La rilevanza di Gianni Minà, che è stato anche scrittore, animatore culturale, direttore di una rivista come Latinoamerica, dopo un lungo periodo di allontanamento dagli schermi si è riaccesa di recente anche con l'autobiografia Storia di un boxeur latino (minimum fax) e, dopo la sua morte, anche da RaiPlay con l'originale antologico Gianni Minà. Cercatore di storie, oltre ad altri estratti offerti dal programma Blitz!.

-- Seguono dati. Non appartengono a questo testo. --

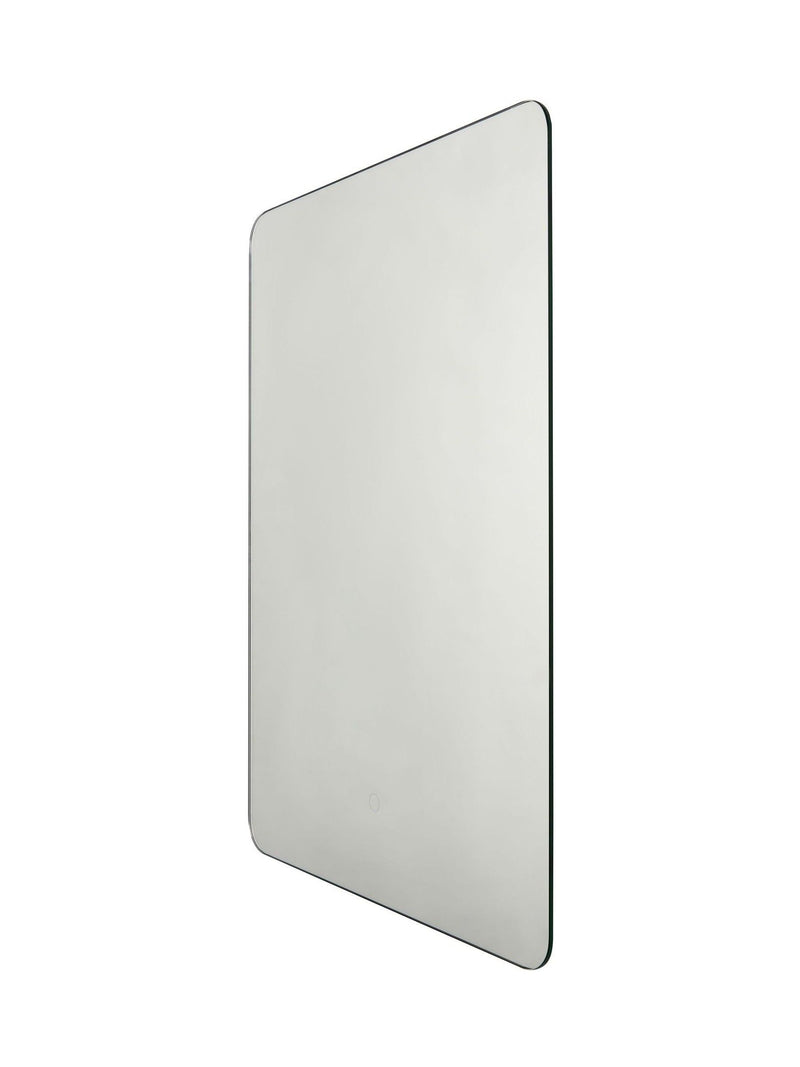 BHS White Mar LED Touch Demist mirror 70cm x 50cm - British product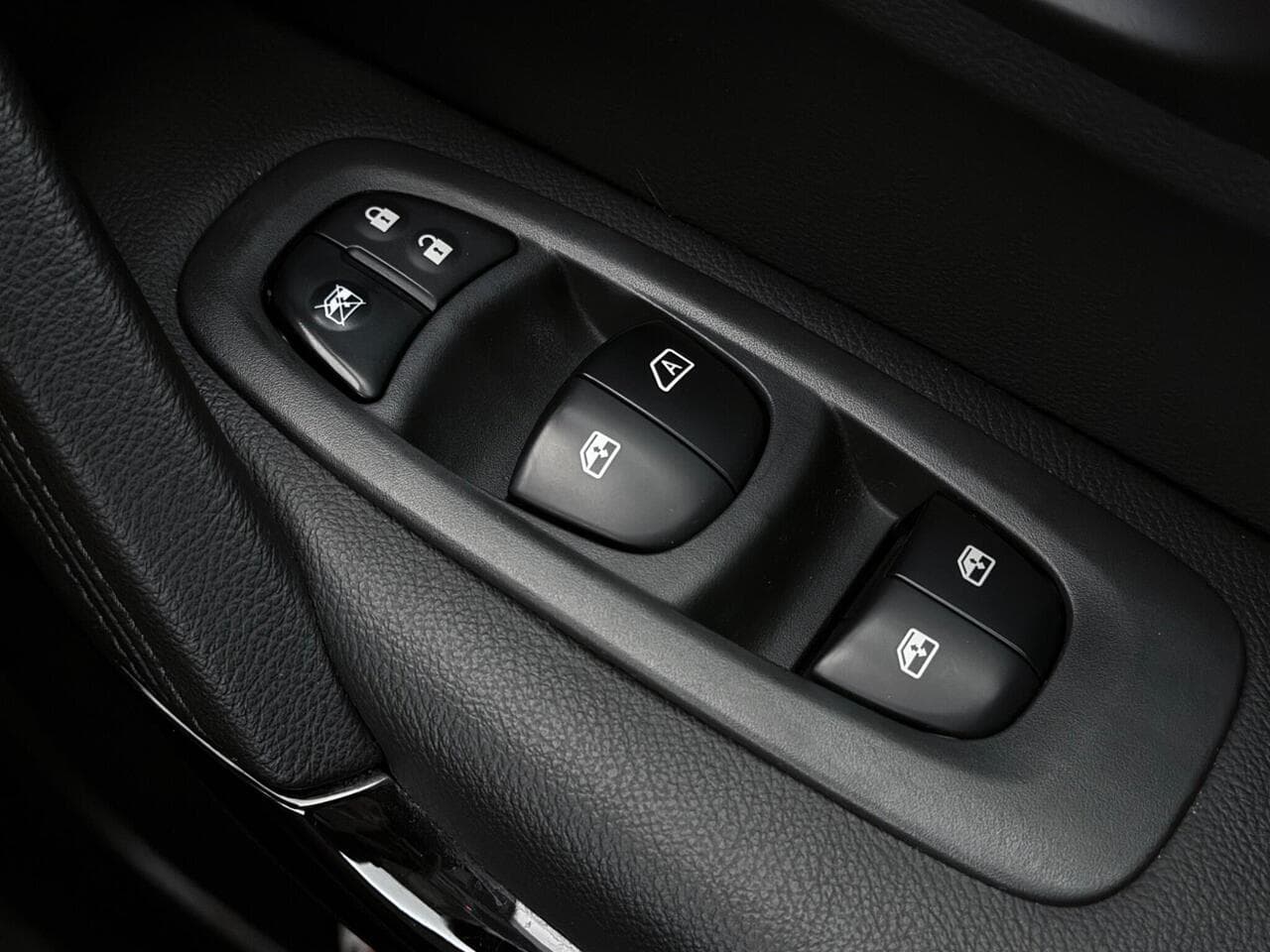 Renault Kadjar thumbnail Misc Controls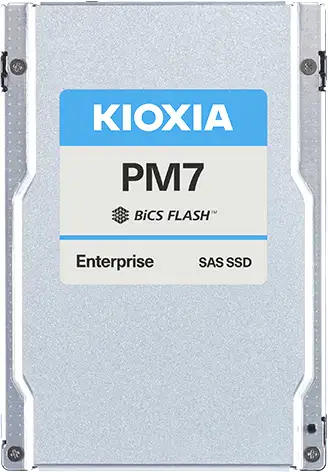 SSD Kioxia PM7-V 1.6TB KPM71VUG1T60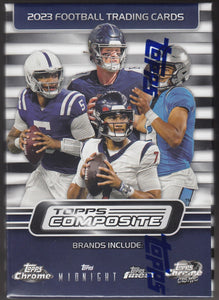 2023 Topps Composite Football Blaster Box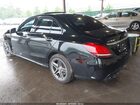 2021 Mercedes-benz Amg C 43 4matic Black vin: W1KWF6EB3MR616577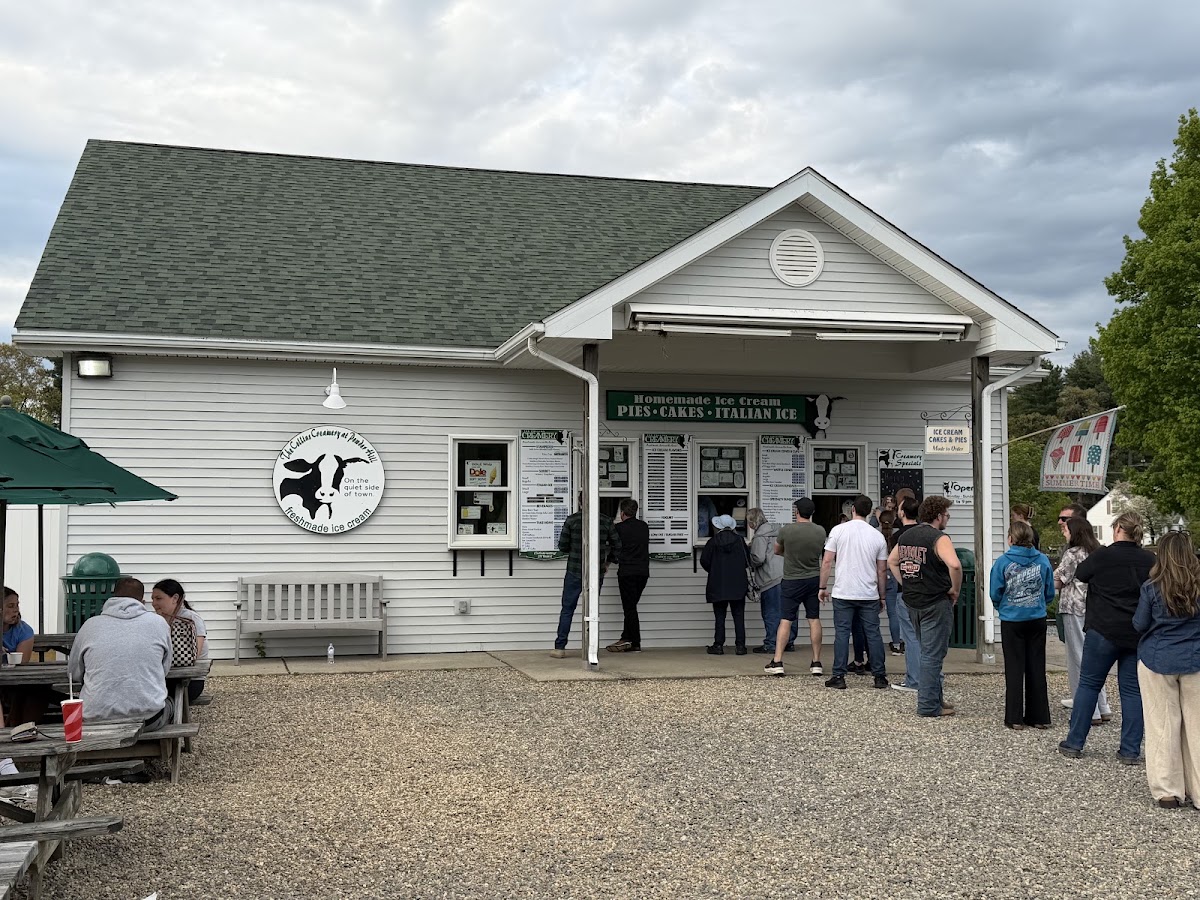 Collins Creamery photo from Google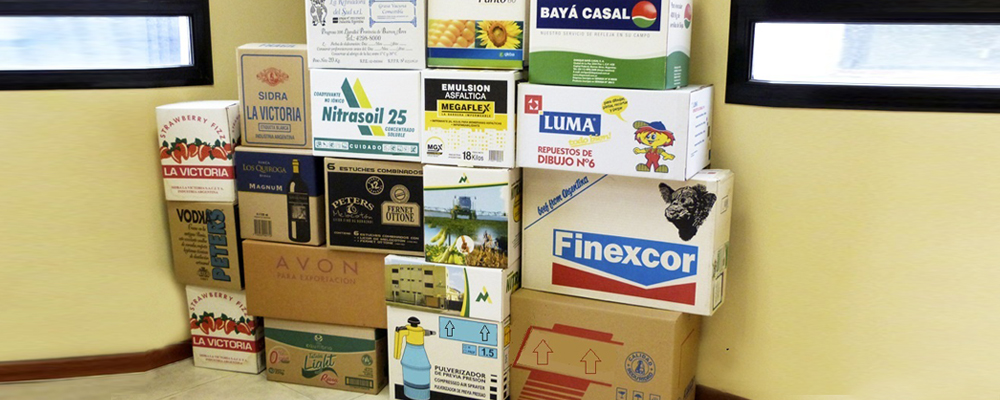 Kraft Liner - Carton Corrugado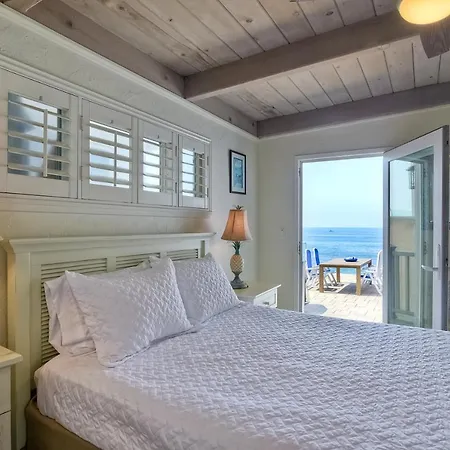 Oceanfront With Private Access, Remodeled Kitchen * Carlsbad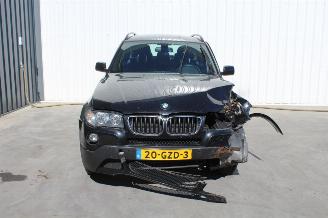 BMW X3 2.0d 16V picture 5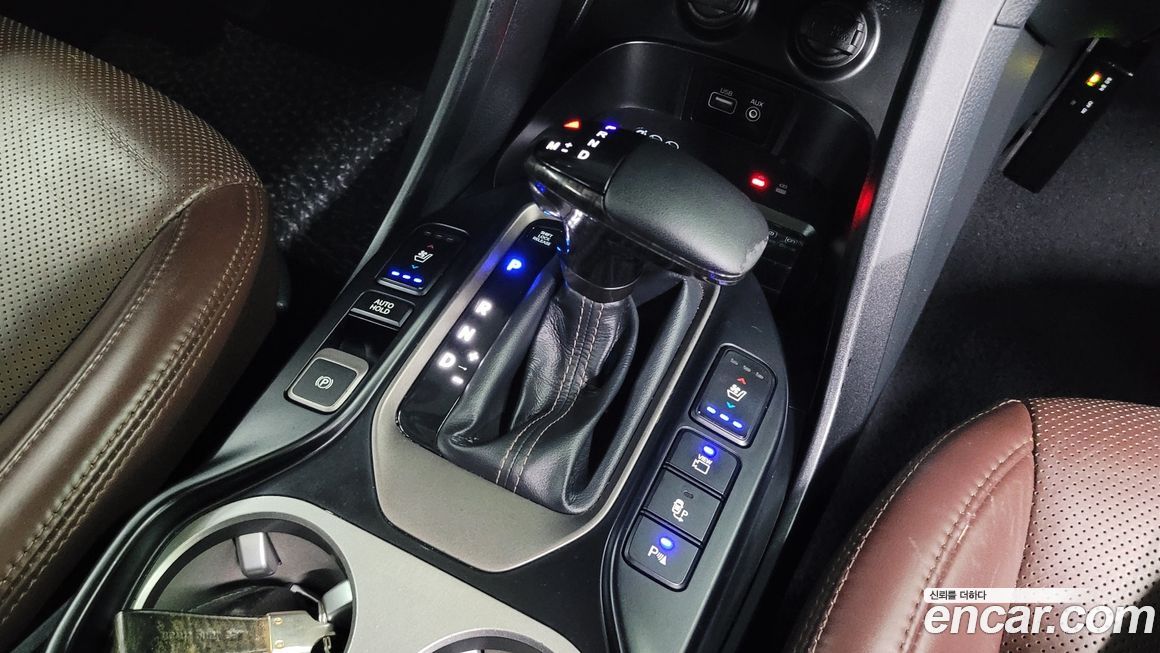 Hyundai Maxcruz 2017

Il documentario di Loredana Macchietti parte dalla stessa immagine di copertina di quell'autobiografia: il ritratto appeso sopra la scrivania da cui Minà stesso risponde scettico all'invito di realizzare un documentario su sé stesso. È di Siqueiros ("la leggenda della pittura di murales", ha scritto Fabio Stassi), un primo piano buffo e abbozzato del reporter, e campeggia sui titoli, nella prima e nell'ultima inquadratura, testimonianza di un amore ricambiato. Anche il film di Macchietti, seconda moglie di Minà e sua stretta partner produttiva (Cuba nell'epoca di Obama, 2011) prende il via da uno sguardo di parte e da una prossimità che ne determinano il taglio e lo caratterizzano fino alla fine.
I suoi strumenti narrativi si posizionano nell'ambito di una piena, rilassata classicità: l'espediente della Fiat 500 che trasporta il giornalista da una tappa all'altra del suo percorso privato e professionale, la voce fuori campo della regista in funzione di commento informato sui fatti e insieme testo critico sul "metodo Minà". E poi le interviste sul divano, in totale e senza troppi ma necessari stacchi, a compagni di viaggio che ne attestano e confermano le capacità umane e la curiosità, a braccetto con una certa intraprendenza; di un mestiere allora ancora non vampirizzato dai social né guidato da altri intermediari di ogni tipo.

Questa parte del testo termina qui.